HOW TO COMPLETE THIS TASK
Leaving the pictures aside, transcribe the data below exactly.

COLLECTED MATERIAL

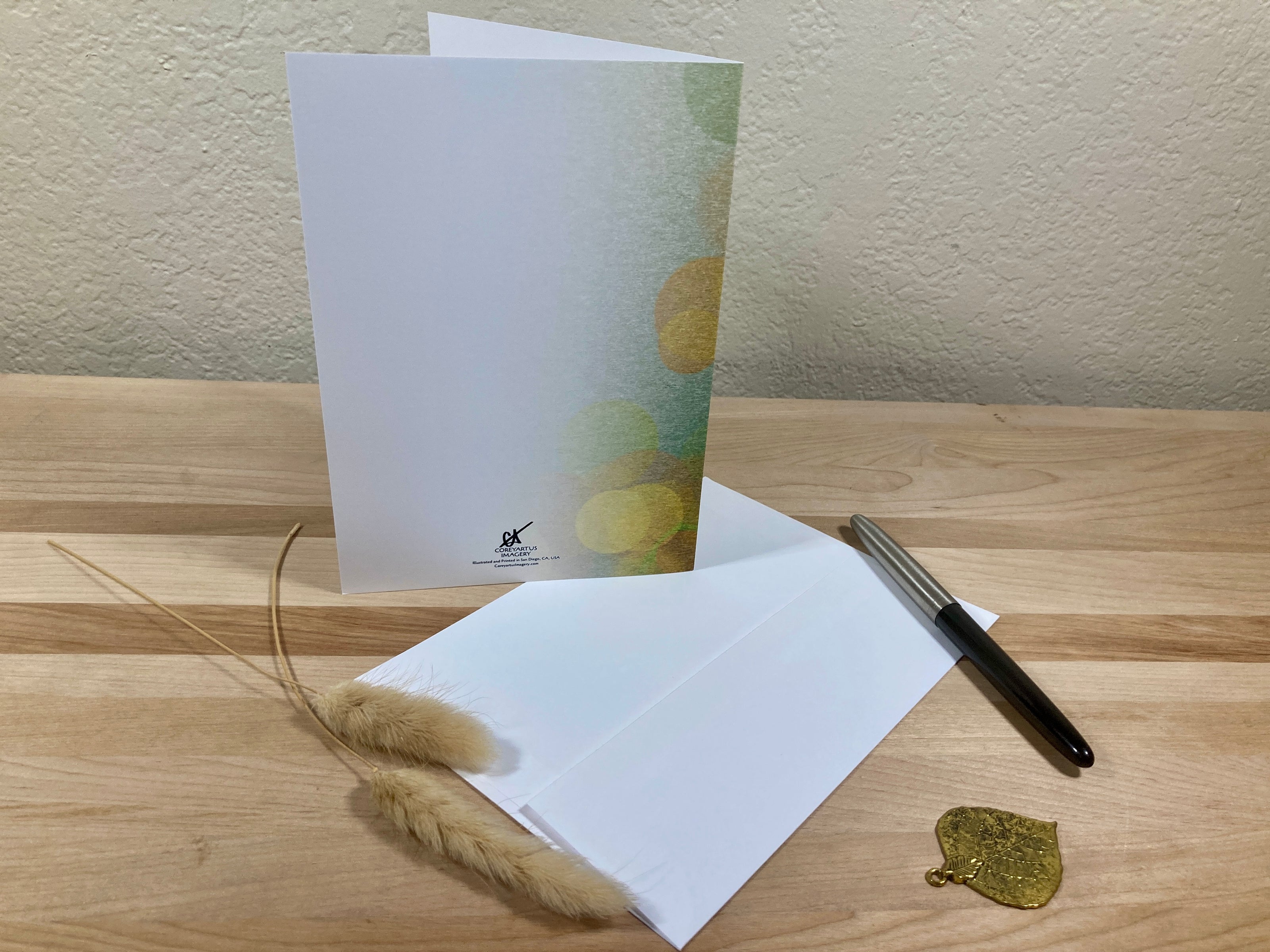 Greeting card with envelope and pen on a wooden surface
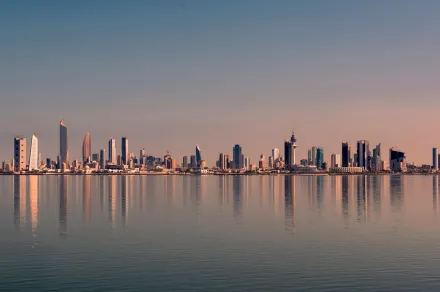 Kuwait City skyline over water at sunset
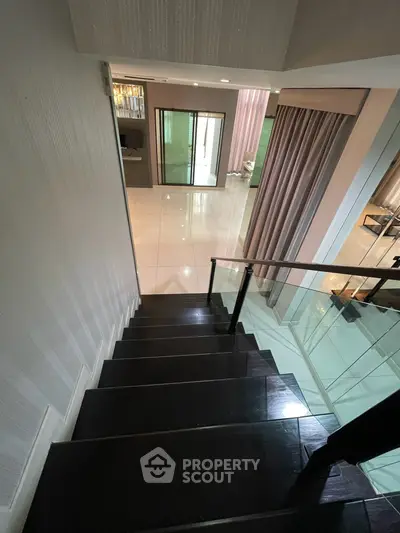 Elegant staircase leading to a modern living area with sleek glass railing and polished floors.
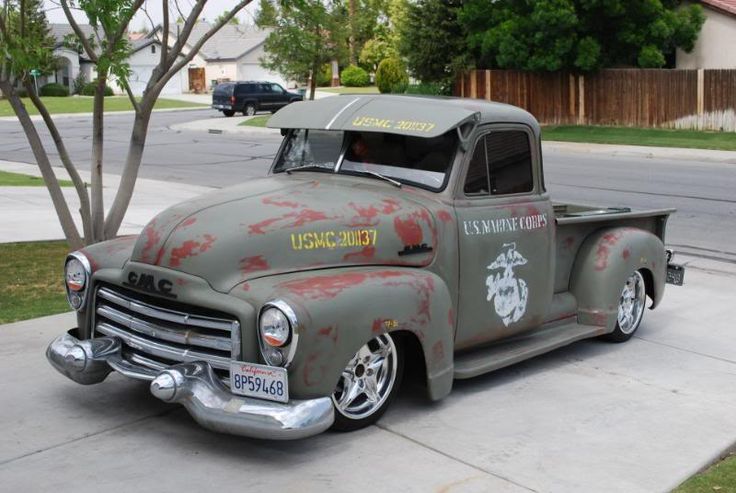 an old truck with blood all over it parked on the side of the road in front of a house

EXERCISE RESPONSE
 Greeting card with envelope and pen on a wooden surface
 Kuwait City skyline over water at sunset
 Elegant staircase leading to a modern living area with sleek glass railing and polished floors.
 an old truck with blood all over it parked on the side of the road in front of a house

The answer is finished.